First comes love, then comes marriage… but how much time should pass between those two? Justin Reese from Southern Charm New Orleans doesn't necessarily equate dating for a few years to an imminent proposal, but his girlfriend, Kelsey Nichols, does.
Justin said that when he thinks of his ideal wife “Kelsey checks the boxes,” but despite that, he still admitted, “I don’t know why I'm not able to say OK, it’s time to get engaged.” Kelsey, on the other hand, has vocalized her frustration at his hesitance, especially since they've been together for nearly three years and she moved to New Orleans for him. Even though he assured her that he sees the relationship moving toward marriage, she still feels like she may be wasting her time.
This begs the question: Is it a bad sign if your partner is hesitant to propose after years of dating and living together? At what point is it fair to lose patience if you have changed your life to support that partner? Personal Space spoke to psychotherapist and relationship coach Rachel Madorsky, LCSW, to learn more.
Hesitation Isn't Always Rejection
Despite Kelsey feeling hurt that Justin is still hesitant about popping the question after being together for so long, Madorsky said, “The important question is not how long should it take before a couple gets engaged, but rather: Are both people happy?”
Justin made it clear that marriage is something he was working toward in their relationship, he just didn't feel ready to take that next step yet. However, "not knowing is not necessarily a sign that something is wrong — some people take longer to feel ready than others,” Madorsky said.
Plus, “it is not uncommon for one partner to feel frozen with fear about making the right decision [and that] at times our own internal pressure, exacerbated by any additional external pressure to get it right, can stop us from moving forward.” This type of pressure can mean Justin’s hesitation may be more about what’s going on in his head and less about his relationship with Kelsey.
Slow & Steady Can Mean Longevity
Madorsky explained that taking your time with dating before an engagement may actually increase the chances of a successful marriage. She pointed to a recent study on divorce published by researchers from Emory University. The study examined the connection between wedding spending and marriage duration and also determined calculable factors that could predict likelihood of divorce.
From their sample of three thousand couples, they found those “who dated three or more years, were 39 percent less likely to get divorced than those who dated less than a year.” Therefore, waiting three years before getting engaged may actually be good for the relationship.
Moving for Marriage
Madorsky advised, “Before one moves cities to be closer to their partner, it is ideal to talk through the expectations, wishes, desires, agreements, and meanings associated with the move and its impact on the relationship.” Part of the reason Kelsey felt impatient for a proposal was because she moved to New Orleans to be with Justin. However, unless they discussed what that move meant for their relationship beforehand, it may be a hard angle to push as a reason to get engaged faster.

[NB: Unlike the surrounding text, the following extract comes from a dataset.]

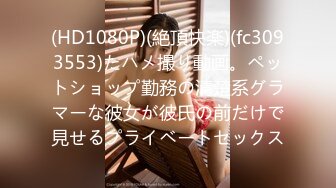 【国产版】[91KCM-129]恩恩 黑丝美腿女销售蜜汁肉穴服务 91制片厂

"It is natural to make assumptions... but in a healthy relationship we practice not making assumptions,” Madorsky explained. Having those conversations before a big move is key, so that each person knows where the other stands. Getting on the same page about a timeline and agreeing on it is "a great way to create alignment with each other and gain clarity about where the relationship is headed.”
Although sometimes ultimatums can work (hello, Tom Schwartz and Katie Maloney-Schwartz), Madorsky noted that, in her experience, “Timelines and ultimatums create more stress and pressure on the person who is already feeling pressure.”
If you are at the point where you feel a timeline or ultimatum is necessary, “consider that the timeline is really for you and not your partner.” Madorsky advised asking yourself how much longer you feel comfortable staying in the relationship as is.
At the end of the day, if there isn't a particular issue or problem that needs to be dealt with, it's likely just a matter of one person needing more time to make such an important decision. Madorsky noted, “Many couples remain in healthy committed relationships for one, two, and even three-plus years before getting engaged.”